Russia has responded by importing Iranian-manufactured Shahed136 attack drones. It has also expanded the domestic production of drones, such as the Orion-10, used for surveillance, and the Lancet, used for attacks. Russia intends by 2025 to manufacture at least 6,000 drones modelled after the Shahed-136 at a new factory that spans 14 football fields, or nearly a mile. This is on top of the 100,000 low-tier drones that Russia procures monthly. Third, the U.S. uses drones to strike what it designates as high-value targets, including senior-level personnel in terrorist organizations.
Ukraine and Russia use their drones for a broader set of tactical, operational and strategic purposes.

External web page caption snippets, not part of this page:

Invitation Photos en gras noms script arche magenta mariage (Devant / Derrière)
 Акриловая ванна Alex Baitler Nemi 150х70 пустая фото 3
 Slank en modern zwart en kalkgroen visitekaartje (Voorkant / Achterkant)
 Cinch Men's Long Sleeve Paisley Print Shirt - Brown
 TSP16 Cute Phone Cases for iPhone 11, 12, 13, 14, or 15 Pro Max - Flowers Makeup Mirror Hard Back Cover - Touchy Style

Analysts often conflate these three levels of war to justify their claims that drones are reshaping conflict, but the levels are distinct. Drones have had the biggest impact at the tactical level of war, which characterizes battles between Ukrainian and Russian forces. Famously, Ukraine’s Aerorozvidka Air Reconnaissance Unit used drones to interdict and block a massive Russian convoy traveling from Chernobyl to Kyiv a month after Russia’s 24 February 2022 invasion of Ukraine.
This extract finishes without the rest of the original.